Taj Mahal comes to your home as holidays go virtual
- Published
The Taj Mahal - India's most famous and romantic landmark - would be a fitting destination for lovers on Valentine's Day.
But not all of us can afford the air fare. So how about a virtual tour instead?
Google has teamed up with the Indian ministry of culture to bring the Taj Mahal and 99 other heritage sites to Street View.
The 17th Century Taj in Agra, Uttar Pradesh - famous for its gleaming white marble domes and towers and considered to be one of the finest examples of Mughal architecture in the world - is being mapped digitally by Google's backpack Trekker camera.
This portable kit, which enables Google to map places its Street View cars cannot reach, underpins an ambitious project to collect footage of all the world's most treasured natural and man-made landmarks.
It has already been used to map the Grand Canyon and the world's tallest skyscraper, Burj Khalifa, in Dubai.
Suren Ruhela, geo product manager for Google India, told the BBC: "We are creating a digital record of these monuments and those records will live forever.

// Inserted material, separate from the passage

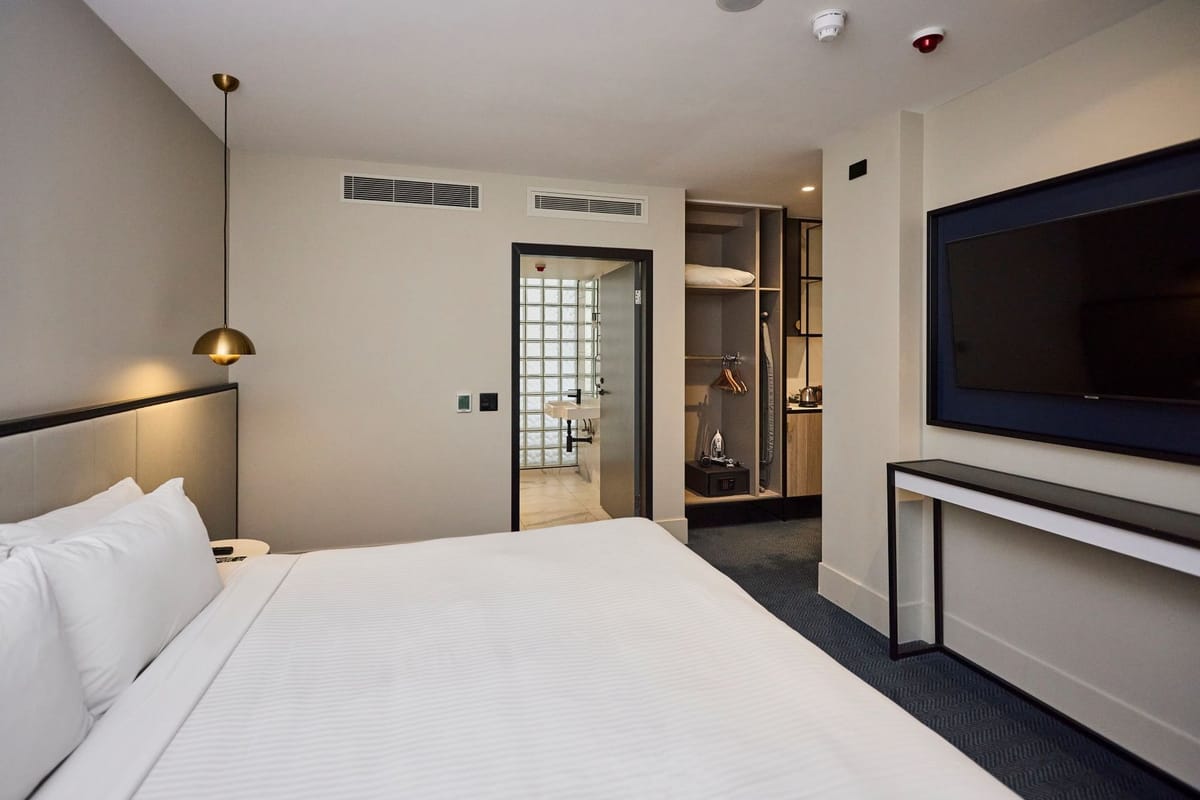 Brady Hotels Jones Lane — 2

"It's not only for this generation but many generations to come. So that's a great way of preserving the culture of the country."
Virtual supplement
The camera constantly takes photos through 15 lenses pointed in different directions. The resulting digital footage is stitched together using software to give viewers a 360-degree image and the feeling that they are walking around the monument or landmark.

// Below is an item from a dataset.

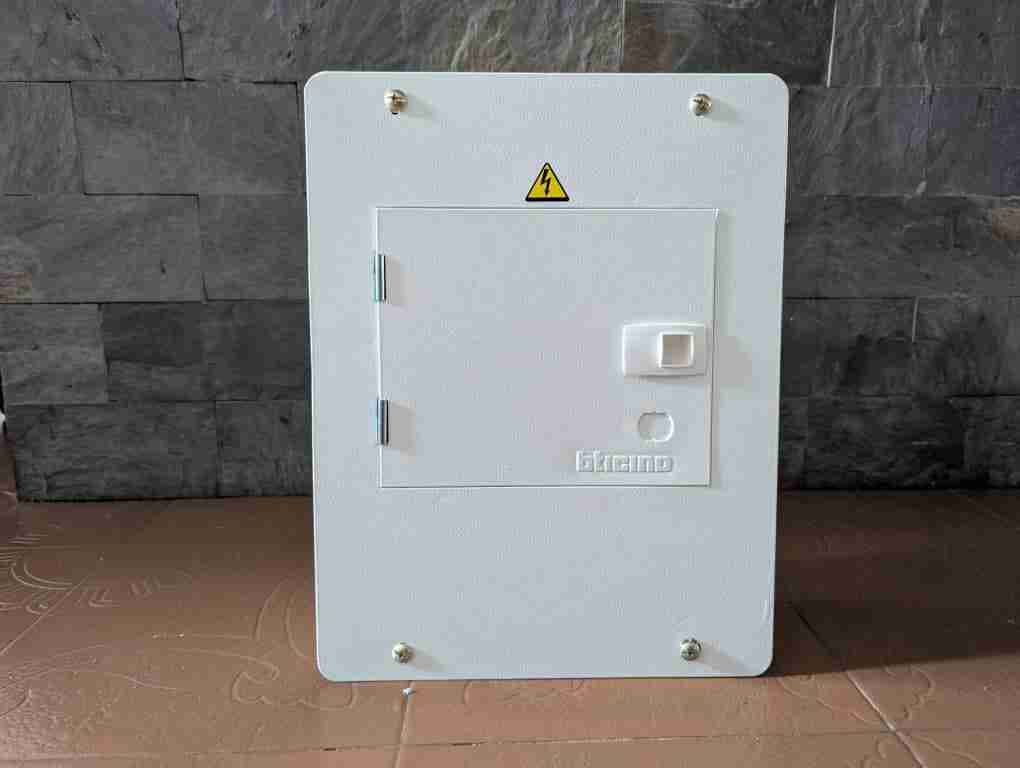 Tablero eléctrico Bticino blanco con puerta, foto 2 de 3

Not all areas of the vast Taj Mahal complex, seductively set on the banks of the river Yamuna, are open to the public.
But the Trekker will be able to go where tourists cannot, providing a useful virtual supplement to the real-world visits.
The Taj already receives more than 8 million visitors a year, but the Archaeological Survey of India (ASI) - the custodian of all historical sites in the country - hopes this added-value online experience will help attract even more.
"This will benefit the public," says the ASI's Munazzar Ali, a Taj conservationist. "The camera will be allowed inside closed rooms, the entire complex, the tomb in the basement - so people can finally see the Taj like never before."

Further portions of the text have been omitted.